#### [WHAT YOU SHOULD DO]
Output range, inclusive: from the line containing "Brunsbüttel from the" to the line containing "beim Sonnensegel-Aufbauen". Restate those lines from the data below word for word and only those.

#### [MATERIAL SUPPLIED]

--- --- ---

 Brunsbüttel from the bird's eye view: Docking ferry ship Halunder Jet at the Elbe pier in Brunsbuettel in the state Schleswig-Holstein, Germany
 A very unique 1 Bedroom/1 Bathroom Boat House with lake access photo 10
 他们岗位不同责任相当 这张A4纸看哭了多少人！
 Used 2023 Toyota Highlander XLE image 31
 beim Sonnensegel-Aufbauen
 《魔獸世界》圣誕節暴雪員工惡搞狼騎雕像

--- --- ---

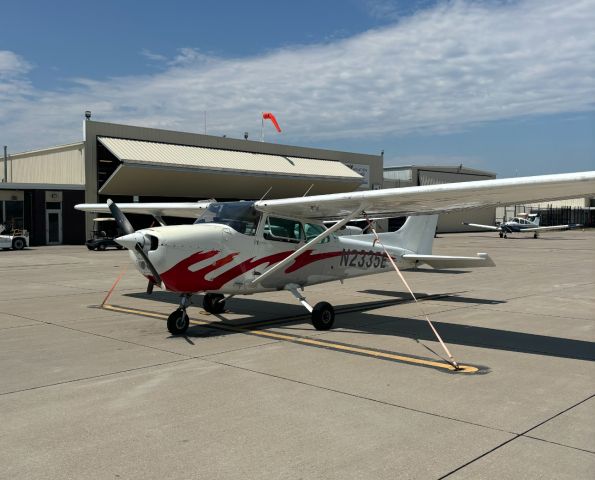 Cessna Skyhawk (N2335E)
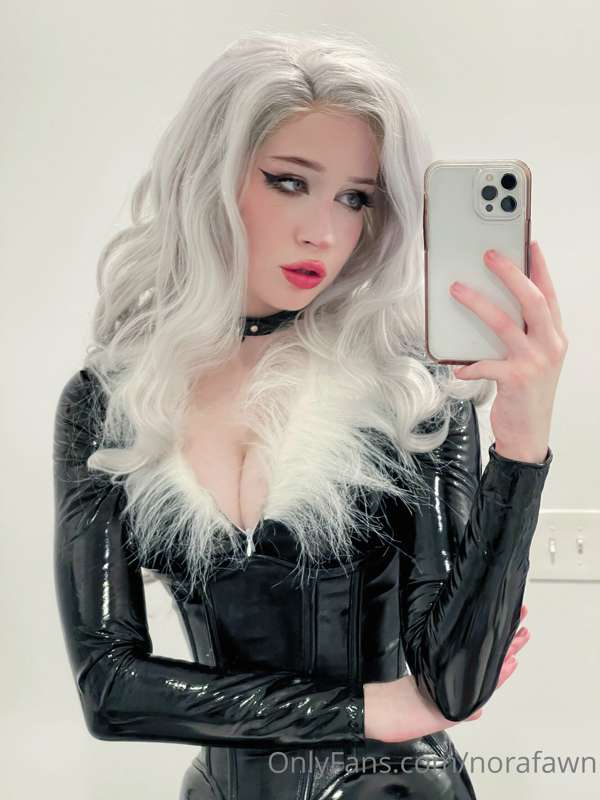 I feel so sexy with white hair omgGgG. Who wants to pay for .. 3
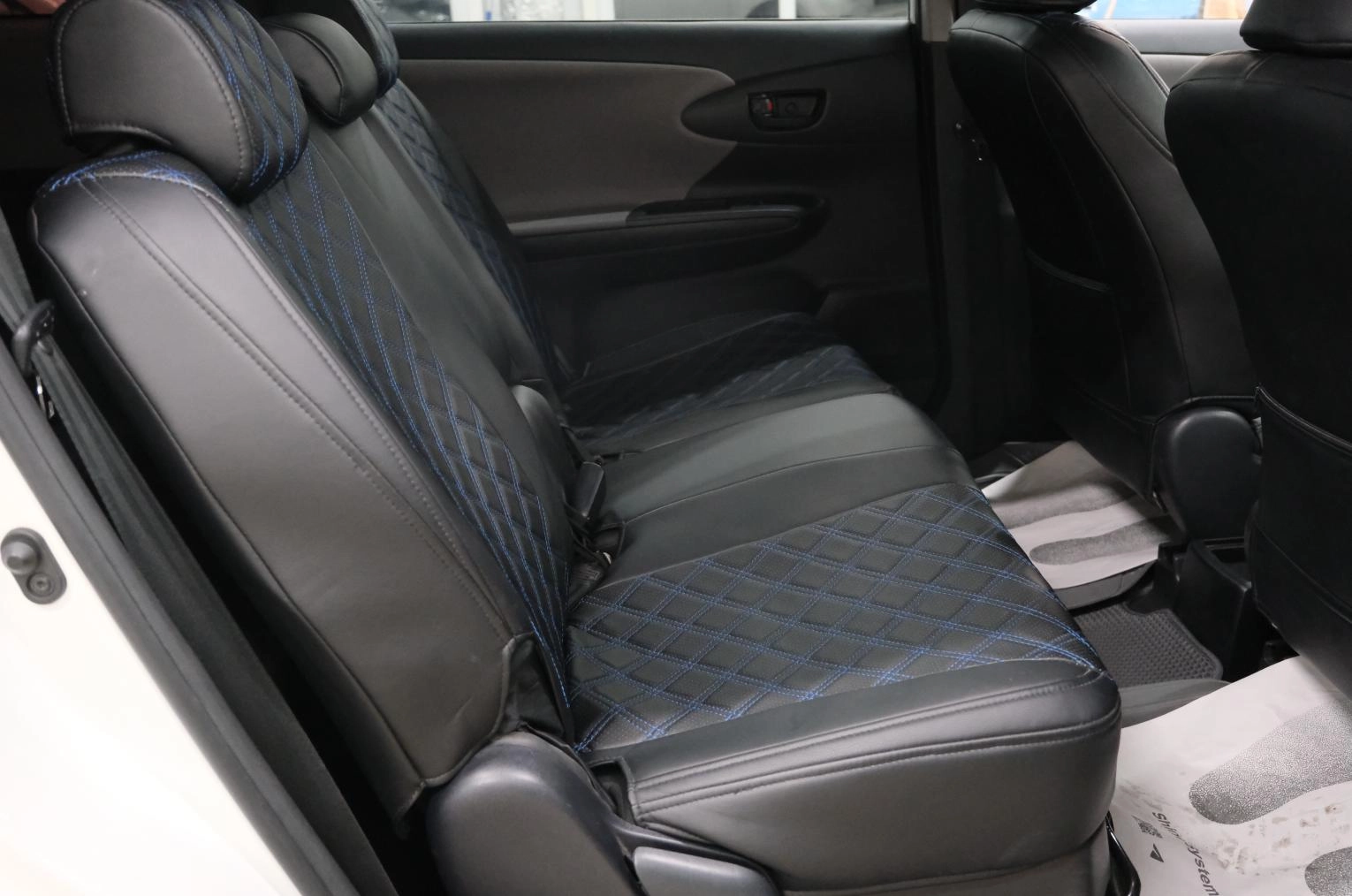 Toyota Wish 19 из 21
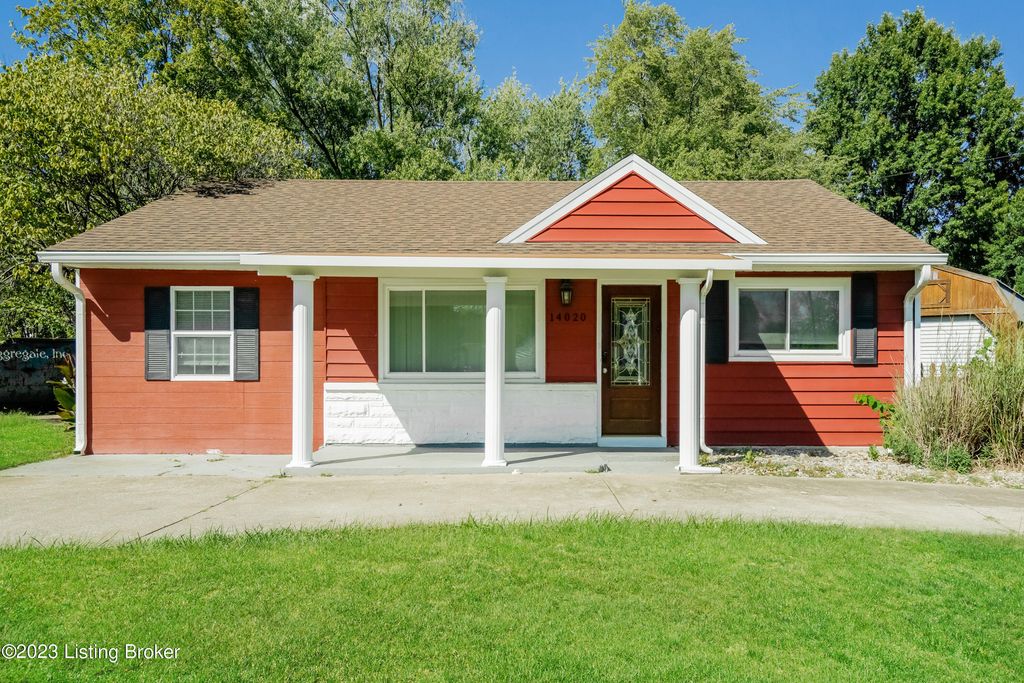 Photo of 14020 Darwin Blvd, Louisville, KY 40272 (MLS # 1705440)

--- --- ---

#### [SOLUTION]
 Brunsbüttel from the bird's eye view: Docking ferry ship Halunder Jet at the Elbe pier in Brunsbuettel in the state Schleswig-Holstein, Germany
 A very unique 1 Bedroom/1 Bathroom Boat House with lake access photo 10
 他们岗位不同责任相当 这张A4纸看哭了多少人！
 Used 2023 Toyota Highlander XLE image 31
 beim Sonnensegel-Aufbauen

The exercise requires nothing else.